* **About this task**: From the listing below, copy out every line where the word "dark" appears.

* **Records shown**:
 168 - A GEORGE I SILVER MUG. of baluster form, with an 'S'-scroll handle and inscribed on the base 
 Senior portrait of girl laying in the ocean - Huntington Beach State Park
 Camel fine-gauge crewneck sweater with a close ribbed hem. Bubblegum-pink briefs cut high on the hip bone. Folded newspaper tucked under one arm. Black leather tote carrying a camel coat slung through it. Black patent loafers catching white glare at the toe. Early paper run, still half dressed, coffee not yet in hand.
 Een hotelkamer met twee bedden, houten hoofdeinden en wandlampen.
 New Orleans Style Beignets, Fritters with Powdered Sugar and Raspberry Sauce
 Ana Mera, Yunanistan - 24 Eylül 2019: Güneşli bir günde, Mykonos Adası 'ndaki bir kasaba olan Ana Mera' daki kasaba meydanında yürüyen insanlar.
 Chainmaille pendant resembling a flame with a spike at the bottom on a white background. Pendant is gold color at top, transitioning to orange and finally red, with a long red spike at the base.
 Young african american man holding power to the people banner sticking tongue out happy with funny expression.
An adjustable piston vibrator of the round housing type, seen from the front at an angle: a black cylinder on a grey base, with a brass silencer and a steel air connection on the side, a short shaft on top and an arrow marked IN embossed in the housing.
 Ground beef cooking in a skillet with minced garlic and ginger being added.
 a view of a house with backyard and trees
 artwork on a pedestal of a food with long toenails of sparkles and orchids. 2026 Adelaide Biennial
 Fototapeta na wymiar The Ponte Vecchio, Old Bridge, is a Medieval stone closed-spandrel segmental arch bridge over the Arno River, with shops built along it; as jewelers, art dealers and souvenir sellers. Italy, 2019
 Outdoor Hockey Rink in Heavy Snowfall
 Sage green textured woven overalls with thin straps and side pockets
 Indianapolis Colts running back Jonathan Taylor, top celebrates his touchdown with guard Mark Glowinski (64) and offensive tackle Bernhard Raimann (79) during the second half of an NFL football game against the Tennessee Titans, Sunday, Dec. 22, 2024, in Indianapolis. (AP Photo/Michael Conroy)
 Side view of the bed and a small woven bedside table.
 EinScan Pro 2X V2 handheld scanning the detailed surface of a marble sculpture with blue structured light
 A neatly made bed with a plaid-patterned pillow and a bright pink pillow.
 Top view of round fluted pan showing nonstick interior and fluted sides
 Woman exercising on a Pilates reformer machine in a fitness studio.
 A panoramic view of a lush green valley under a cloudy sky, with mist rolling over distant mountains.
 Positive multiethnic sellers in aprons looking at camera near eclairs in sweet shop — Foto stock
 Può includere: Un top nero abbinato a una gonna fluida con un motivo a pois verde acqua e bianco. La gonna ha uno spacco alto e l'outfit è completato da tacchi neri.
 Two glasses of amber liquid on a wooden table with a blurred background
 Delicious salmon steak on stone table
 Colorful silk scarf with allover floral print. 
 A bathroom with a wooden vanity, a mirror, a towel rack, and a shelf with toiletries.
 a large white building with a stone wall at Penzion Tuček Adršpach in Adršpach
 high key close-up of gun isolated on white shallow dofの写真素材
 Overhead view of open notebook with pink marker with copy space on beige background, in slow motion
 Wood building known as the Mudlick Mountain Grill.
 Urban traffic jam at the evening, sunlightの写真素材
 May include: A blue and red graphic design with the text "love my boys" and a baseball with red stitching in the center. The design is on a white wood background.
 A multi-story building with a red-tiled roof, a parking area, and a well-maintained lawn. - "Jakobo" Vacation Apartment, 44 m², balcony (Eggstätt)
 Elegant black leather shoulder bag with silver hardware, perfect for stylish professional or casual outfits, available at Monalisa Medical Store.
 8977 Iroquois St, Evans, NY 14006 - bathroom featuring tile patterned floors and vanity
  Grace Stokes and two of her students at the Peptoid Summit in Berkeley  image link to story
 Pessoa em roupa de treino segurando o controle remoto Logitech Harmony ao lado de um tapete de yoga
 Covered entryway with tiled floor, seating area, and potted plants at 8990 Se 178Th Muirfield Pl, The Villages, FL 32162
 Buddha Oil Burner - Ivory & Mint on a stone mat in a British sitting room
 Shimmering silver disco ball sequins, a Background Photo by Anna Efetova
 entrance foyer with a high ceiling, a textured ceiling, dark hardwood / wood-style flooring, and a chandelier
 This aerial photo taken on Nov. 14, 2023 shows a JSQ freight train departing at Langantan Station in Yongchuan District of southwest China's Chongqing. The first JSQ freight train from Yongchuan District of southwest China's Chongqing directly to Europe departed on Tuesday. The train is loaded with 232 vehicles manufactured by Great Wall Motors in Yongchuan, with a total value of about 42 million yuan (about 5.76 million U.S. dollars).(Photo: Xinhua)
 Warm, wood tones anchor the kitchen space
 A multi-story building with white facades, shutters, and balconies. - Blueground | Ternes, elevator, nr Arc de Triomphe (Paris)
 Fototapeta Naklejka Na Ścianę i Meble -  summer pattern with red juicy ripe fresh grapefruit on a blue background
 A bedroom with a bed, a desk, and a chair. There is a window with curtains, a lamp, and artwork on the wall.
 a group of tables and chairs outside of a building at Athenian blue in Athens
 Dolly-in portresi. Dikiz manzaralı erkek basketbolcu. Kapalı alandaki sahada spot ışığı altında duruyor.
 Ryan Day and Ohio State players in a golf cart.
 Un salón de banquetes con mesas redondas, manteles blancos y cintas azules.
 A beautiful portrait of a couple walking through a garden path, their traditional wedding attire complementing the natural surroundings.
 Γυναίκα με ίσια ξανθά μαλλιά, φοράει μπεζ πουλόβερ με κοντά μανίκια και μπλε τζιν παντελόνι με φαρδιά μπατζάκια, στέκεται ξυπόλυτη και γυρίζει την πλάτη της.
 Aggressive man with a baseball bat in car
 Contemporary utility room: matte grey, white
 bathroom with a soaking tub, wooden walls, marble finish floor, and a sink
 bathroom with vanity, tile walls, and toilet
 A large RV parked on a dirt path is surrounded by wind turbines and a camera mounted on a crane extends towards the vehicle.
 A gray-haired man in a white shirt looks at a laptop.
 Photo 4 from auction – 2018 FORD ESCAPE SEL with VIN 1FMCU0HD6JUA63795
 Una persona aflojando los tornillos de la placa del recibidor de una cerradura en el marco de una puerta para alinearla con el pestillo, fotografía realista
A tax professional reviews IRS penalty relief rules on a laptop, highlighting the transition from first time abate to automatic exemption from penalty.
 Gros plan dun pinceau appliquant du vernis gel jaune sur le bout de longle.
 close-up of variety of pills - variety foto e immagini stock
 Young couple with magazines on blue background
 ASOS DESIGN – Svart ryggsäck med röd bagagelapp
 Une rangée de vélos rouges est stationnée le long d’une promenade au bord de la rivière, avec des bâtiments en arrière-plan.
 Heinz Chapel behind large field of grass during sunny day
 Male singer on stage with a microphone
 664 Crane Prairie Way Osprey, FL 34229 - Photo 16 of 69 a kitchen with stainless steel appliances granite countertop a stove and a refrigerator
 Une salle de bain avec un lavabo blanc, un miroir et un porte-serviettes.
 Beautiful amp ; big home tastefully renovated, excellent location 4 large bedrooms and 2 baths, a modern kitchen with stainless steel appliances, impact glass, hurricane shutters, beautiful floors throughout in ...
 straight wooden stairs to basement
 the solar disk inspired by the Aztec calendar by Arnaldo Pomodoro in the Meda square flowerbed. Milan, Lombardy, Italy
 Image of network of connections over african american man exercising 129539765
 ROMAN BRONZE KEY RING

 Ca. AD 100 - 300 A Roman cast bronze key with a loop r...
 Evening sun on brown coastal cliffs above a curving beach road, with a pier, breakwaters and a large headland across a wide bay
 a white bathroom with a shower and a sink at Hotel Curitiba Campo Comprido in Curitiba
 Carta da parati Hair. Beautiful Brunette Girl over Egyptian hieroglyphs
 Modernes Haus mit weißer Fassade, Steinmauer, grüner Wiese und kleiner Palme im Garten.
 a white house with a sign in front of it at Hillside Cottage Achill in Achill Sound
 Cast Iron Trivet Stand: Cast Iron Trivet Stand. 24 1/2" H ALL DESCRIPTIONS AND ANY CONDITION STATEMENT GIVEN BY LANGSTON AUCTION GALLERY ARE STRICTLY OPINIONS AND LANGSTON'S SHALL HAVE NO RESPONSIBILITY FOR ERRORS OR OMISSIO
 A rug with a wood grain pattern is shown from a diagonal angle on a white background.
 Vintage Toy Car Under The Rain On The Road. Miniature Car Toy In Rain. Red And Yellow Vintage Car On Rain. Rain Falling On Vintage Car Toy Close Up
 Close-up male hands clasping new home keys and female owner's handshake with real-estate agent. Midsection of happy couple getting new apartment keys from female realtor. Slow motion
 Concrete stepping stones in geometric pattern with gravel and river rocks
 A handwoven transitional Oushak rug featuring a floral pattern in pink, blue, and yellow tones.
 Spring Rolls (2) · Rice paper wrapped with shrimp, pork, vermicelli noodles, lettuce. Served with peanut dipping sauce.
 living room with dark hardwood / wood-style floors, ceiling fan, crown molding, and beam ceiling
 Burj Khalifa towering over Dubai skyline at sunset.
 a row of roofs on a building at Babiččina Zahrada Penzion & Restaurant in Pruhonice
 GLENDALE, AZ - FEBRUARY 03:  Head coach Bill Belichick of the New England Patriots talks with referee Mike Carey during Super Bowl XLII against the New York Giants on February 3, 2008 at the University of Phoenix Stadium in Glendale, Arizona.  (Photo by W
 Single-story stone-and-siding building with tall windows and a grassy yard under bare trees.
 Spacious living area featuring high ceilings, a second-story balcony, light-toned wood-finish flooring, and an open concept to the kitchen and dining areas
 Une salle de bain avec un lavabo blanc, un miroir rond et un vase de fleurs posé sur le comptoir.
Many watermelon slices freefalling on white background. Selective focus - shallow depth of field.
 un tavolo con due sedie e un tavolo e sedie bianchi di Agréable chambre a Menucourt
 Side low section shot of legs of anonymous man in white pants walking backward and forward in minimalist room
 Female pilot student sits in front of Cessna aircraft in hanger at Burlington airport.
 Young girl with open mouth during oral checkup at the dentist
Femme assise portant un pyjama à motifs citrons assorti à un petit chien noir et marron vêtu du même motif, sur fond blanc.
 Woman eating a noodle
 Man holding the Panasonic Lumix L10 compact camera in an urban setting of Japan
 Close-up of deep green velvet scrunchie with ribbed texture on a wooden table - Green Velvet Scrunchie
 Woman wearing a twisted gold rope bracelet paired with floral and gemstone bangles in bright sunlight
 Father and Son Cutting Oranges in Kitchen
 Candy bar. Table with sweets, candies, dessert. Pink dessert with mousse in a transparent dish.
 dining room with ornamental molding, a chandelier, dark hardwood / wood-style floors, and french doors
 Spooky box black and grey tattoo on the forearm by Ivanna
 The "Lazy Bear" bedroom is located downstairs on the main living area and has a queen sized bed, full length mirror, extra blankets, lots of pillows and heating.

* **Exercise response**:
 entrance foyer with a high ceiling, a textured ceiling, dark hardwood / wood-style flooring, and a chandelier
 living room with dark hardwood / wood-style floors, ceiling fan, crown molding, and beam ceiling
 dining room with ornamental molding, a chandelier, dark hardwood / wood-style floors, and french doors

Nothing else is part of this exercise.